*What the exercise asks*.
In the records below, begin at the line that has "Agility-Set für Hunde, Hundetraining, 4" and stop after the line that has "Fototapeta premium Abstract"; quote those lines verbatim and nothing more.

*Records to process*.
-- Opening Marker --
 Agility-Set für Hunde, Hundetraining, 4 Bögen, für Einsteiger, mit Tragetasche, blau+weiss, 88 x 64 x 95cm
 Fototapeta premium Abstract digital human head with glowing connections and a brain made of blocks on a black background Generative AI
-- Closing Marker --
-- Opening Marker --
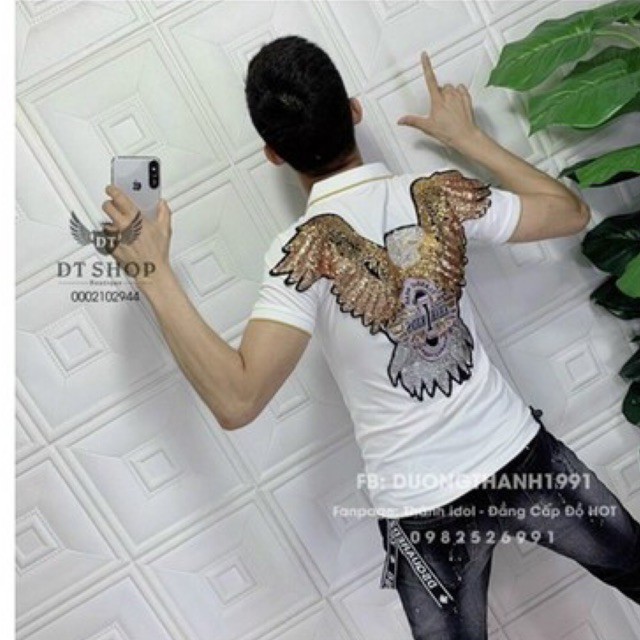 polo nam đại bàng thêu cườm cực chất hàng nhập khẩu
-- Closing Marker --
-- Opening Marker --
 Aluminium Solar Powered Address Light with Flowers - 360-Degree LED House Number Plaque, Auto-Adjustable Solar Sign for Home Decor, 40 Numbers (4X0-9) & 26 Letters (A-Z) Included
-- Closing Marker --
*Written solution*.
 Agility-Set für Hunde, Hundetraining, 4 Bögen, für Einsteiger, mit Tragetasche, blau+weiss, 88 x 64 x 95cm
 Fototapeta premium Abstract digital human head with glowing connections and a brain made of blocks on a black background Generative AI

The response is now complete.